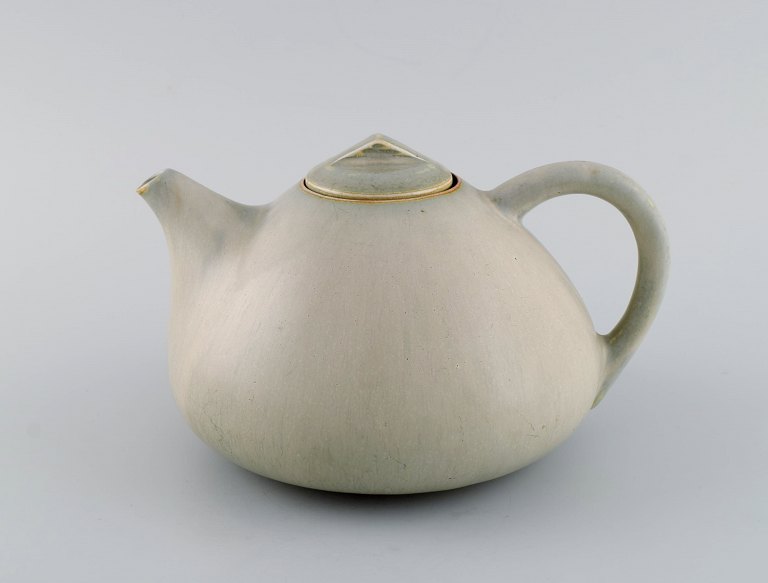 Eva Stæhr-Nielsen for Saxbo. Teapot in glazed stoneware. Mid-20th century.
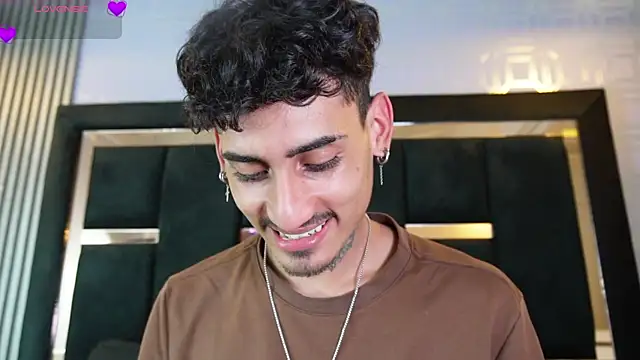 Snapshot of Dark_Eros_ chatting on March 17, 2026, 7:28 pm Dark Eros online show from March 17, 2026, 7:28 pm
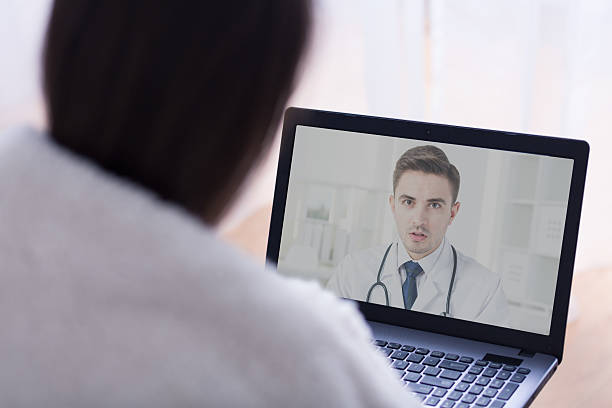 istock Could you tell me about the symptoms? 590278870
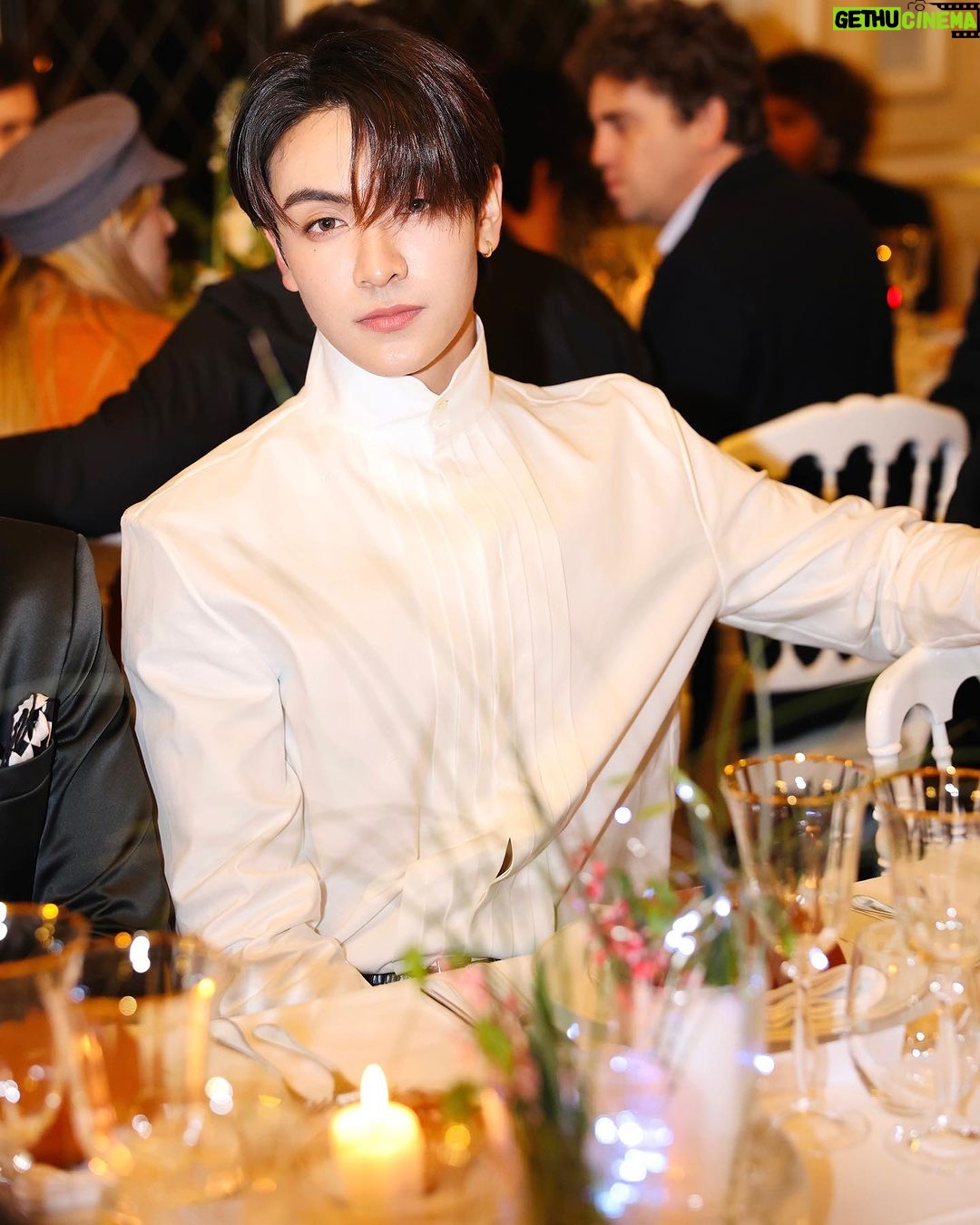 Archen Aydin Instagram - Dinner 🌟 Paris,France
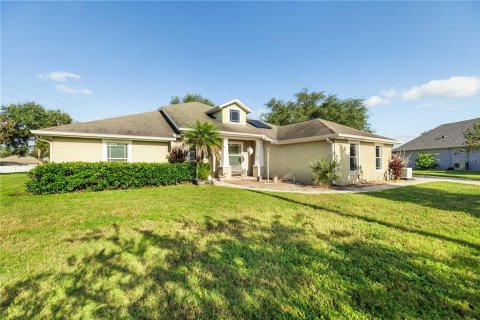 House in Plant City, Florida 4 bedrooms, 211.72 sq.m. № 2425895 - photo 2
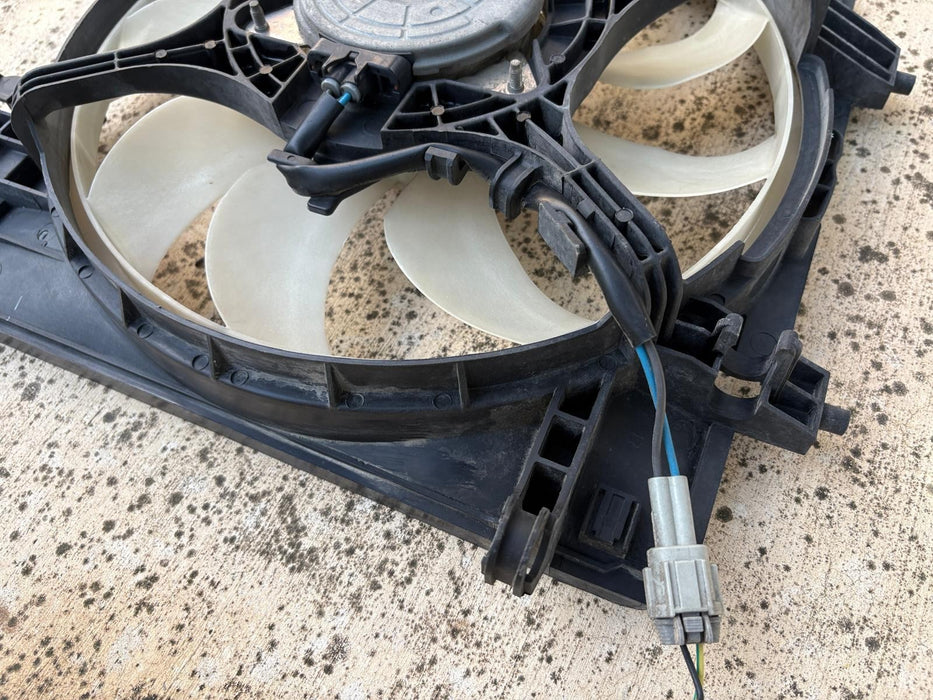2013-2017 Subaru XV 2.0L Radiator Fan Motor Assembly OEM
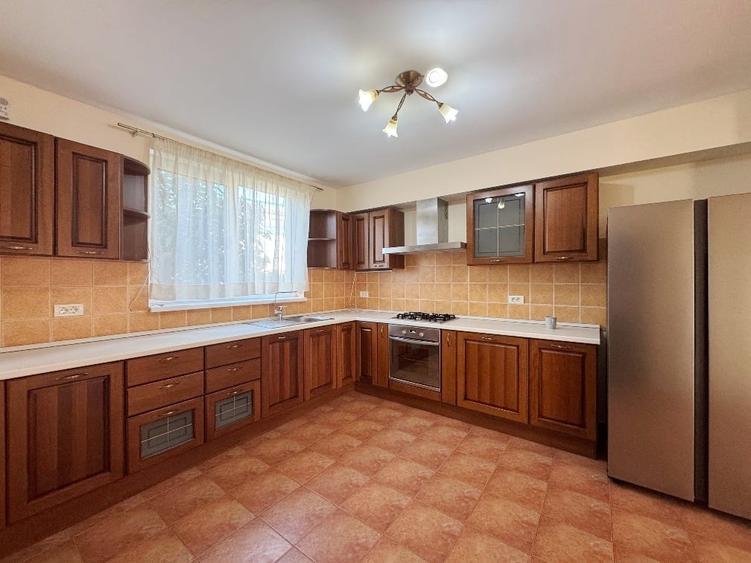 Casa cu curte si garaj dublu// Pipera// semimobilata - 3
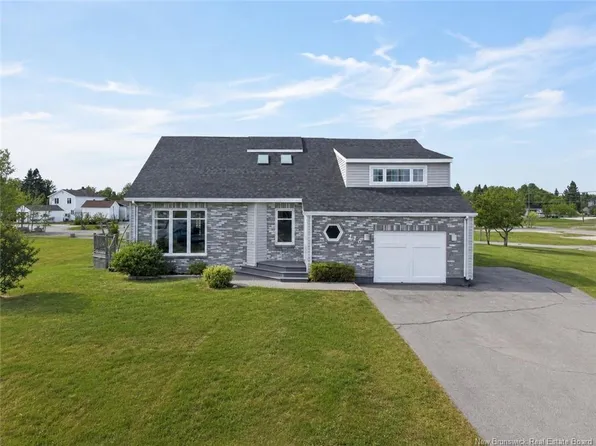 116 Des Champs St, Lamaque, NB E8T 1E7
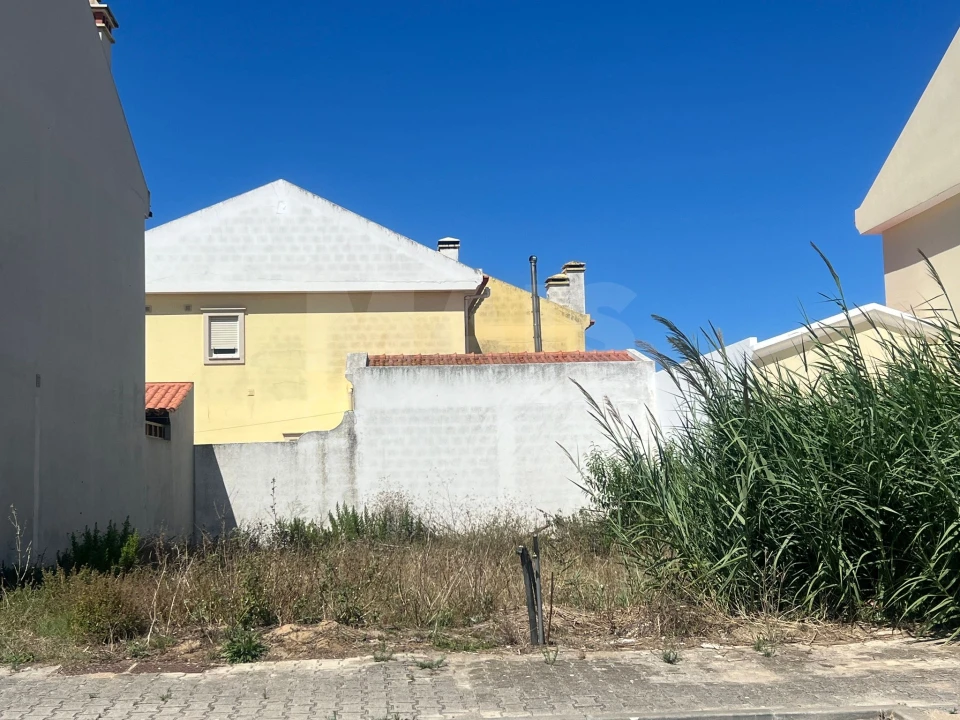 Terreno para Venda em Atouguia da Baleia Foto 2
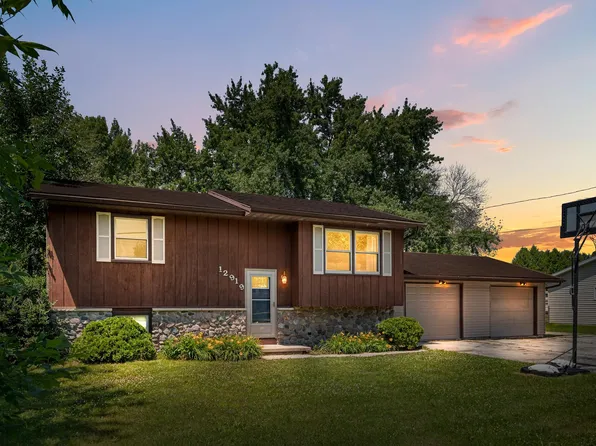 12919 Velp Ave, Green Bay, WI 54313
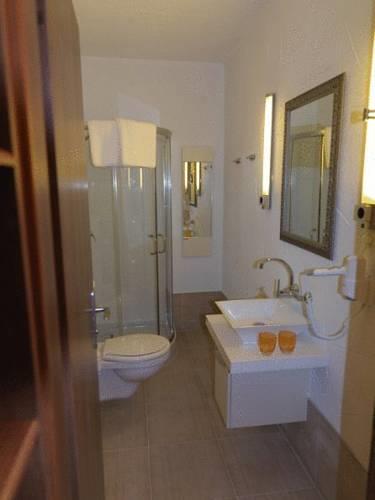 Отель Al Faro Lodge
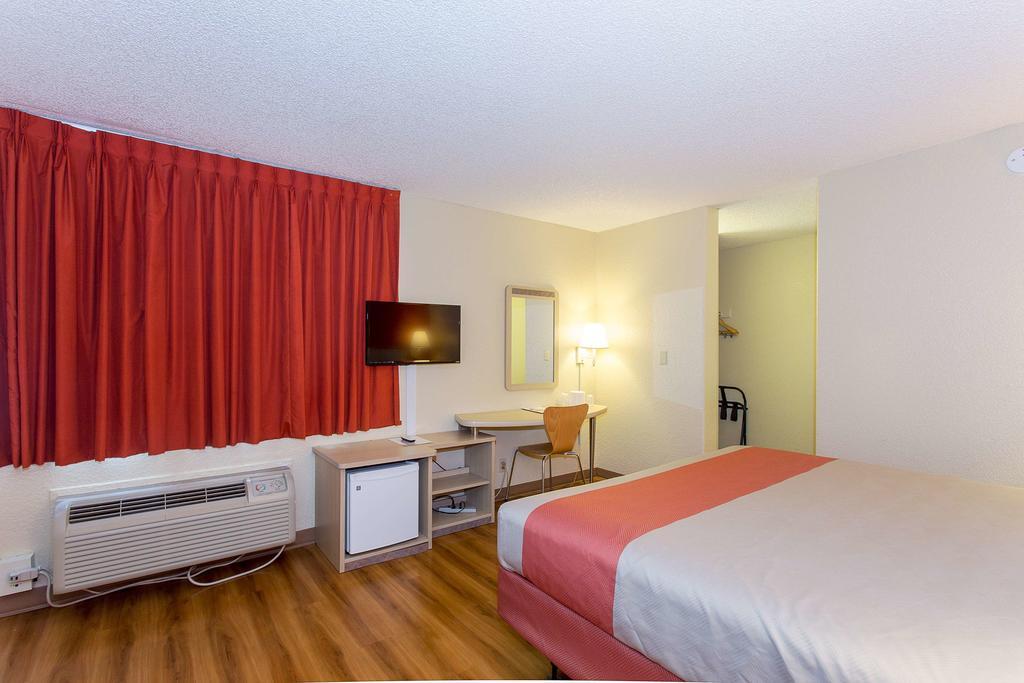 King Room - Non-Smoking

⁂

→ **Activity**: All lines from the one containing "istock Could you" through the end of the data are to be restated exactly, with nothing else and without the pictures.

→ **Answer for this exercise**:
 istock Could you tell me about the symptoms? 590278870
 Archen Aydin Instagram - Dinner 🌟 Paris,France
 House in Plant City, Florida 4 bedrooms, 211.72 sq.m. № 2425895 - photo 2
2013-2017 Subaru XV 2.0L Radiator Fan Motor Assembly OEM
 Casa cu curte si garaj dublu// Pipera// semimobilata - 3
 116 Des Champs St, Lamaque, NB E8T 1E7
 Terreno para Venda em Atouguia da Baleia Foto 2
 12919 Velp Ave, Green Bay, WI 54313
 Отель Al Faro Lodge
 King Room - Non-Smoking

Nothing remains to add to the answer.